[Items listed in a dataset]
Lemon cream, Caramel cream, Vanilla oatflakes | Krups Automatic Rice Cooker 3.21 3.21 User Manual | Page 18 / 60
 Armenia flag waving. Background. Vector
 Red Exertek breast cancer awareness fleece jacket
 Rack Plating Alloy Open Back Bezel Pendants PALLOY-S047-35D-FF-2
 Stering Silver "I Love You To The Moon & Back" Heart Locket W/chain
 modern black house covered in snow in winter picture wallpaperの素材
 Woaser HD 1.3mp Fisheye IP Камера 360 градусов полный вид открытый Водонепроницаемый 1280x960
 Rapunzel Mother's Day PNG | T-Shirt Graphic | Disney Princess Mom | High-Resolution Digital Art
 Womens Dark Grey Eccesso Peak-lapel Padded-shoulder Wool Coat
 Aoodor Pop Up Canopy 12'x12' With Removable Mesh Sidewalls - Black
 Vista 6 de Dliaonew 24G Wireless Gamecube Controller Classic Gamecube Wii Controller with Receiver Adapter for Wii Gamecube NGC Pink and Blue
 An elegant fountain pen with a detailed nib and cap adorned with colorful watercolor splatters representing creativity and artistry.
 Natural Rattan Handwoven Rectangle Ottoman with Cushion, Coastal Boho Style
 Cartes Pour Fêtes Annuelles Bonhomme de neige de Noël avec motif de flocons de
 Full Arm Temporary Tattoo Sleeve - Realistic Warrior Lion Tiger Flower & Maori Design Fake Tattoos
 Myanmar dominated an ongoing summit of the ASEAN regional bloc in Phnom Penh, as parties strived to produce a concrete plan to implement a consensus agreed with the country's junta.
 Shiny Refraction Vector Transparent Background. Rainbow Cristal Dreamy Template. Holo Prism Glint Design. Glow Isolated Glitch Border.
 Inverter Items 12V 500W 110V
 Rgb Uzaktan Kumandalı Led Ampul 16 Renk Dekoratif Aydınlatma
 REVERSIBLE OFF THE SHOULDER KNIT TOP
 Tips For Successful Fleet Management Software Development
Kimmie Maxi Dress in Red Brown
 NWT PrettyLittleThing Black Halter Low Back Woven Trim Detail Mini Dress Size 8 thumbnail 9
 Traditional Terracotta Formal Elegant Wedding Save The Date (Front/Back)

■ **Directions**
Those lines of the records that contain the string "Dress" should be identified and copied.

■ **Solution**
Kimmie Maxi Dress in Red Brown
 NWT PrettyLittleThing Black Halter Low Back Woven Trim Detail Mini Dress Size 8 thumbnail 9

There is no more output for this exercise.